こう書くとDD方式は悪いように聞こえますが、非常に狭いスプレッドを顧客に提示できるなどのメリットもあります。(国内FX業者のスプレッドが狭いのはこういった理由からです)
NDD方式
NDDとは、「None Dealing Desk」の略でディーラーの介入なしに顧客の注文をカバー先に流す取引方式です。
主に海外FX業者が採用している取引方式になります。
NDD方式では、複数のカバー先から価格の提示を受けて、その中から顧客にとって最も有利な売値と買値を自動で選び、それに業者の利益となるスプレッド(マークアップ手数料)を上乗せして顧客にレートとして提示します。
NDD方式はディーラーの仲介が入らないためレートの透明性が高く、顧客の取引回数が業者の利益になるため利益相反とはなりません。
STP方式
NDD方式の中の1つであるSTPとは、「Straight Through Processing」の略です。
インターバンク市場から提示された複数の価格レートの中から、顧客にとって一番有利な価格を自動的に選択して提示します。
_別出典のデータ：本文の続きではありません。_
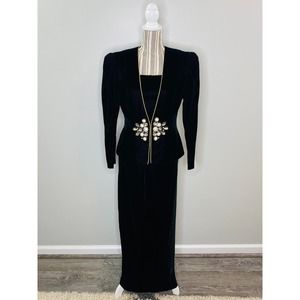 Vintage Patra Black Velvet Jeweled Blazer Skirt Set Womens 13/14 Formal Cruise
STPではFX業者の利益はスプレッドの中に含まれますので、DDと比べるとスプレッドが広くなる傾向があります。
このSTP方式の中には更に顧客の注文を一度約定してそこからLPへ注文を流す「Instant Execution」と顧客の注文をそのままLPへ流す「Direct Market Access」の2つに分類できます。
Instant Executionでは、顧客の約定とLPへの注文にほんの少しのタイムラグがあります。(とは言ってもミリ秒単位)
このタイムラグの間は業者が顧客の注文を呑んでいることになります。
ECN方式
ECNとは、「Electronic Communications Network」の略で、ファンドやFXブローカー、証券会社や銀行なども参加する電子取引所にて取引をする方法です
顧客はFX業者を通して電子取引所にアクセスし、注文した価格と同じ価格で売りに出しているトレーダーがいたら、マッチングして取引が成立するという仕組みになっています。
取引所で取引をすることになりますので、板情報を見ることができるのが大きな特徴です。
また、もう一つの特徴としてECN方式では、外付けで取引手数料を受け取る形になっています。
ECN口座について
前述の通りECN取引は、「Electronic Communications Network」の頭文字を取ったもので、インターバンクにもつながる電子取引所にて取引をする方法です。
ECN口座では、スプレッドは非常に狭いですが、取引ごとに取引手数料がかかるという特徴があります。
また、実際の板情報を確認できるためトレンドの予想が立てやすくなるという特徴があります。
ECN口座はトレーダー同士でのマッチングが基本
通常のFX取引は、顧客とインターバンクを繋ぐ存在として「ブローカー」の存在があります。
取引の種類としてDD方式(Dealing Desk、相対取引)やNDD方式(Non Dealing Desk)がありますが、ディーラーとブローカーは異なります。
ディーラーは顧客の注文を受けて呑むかインターバンクへ流すかを判断する存在で、ブローカーはあくまでも顧客の注文を仲介する存在です。
ECN口座では仲介者無しに、トレーダー同士が直接売買のマッチングを行うことが可能です。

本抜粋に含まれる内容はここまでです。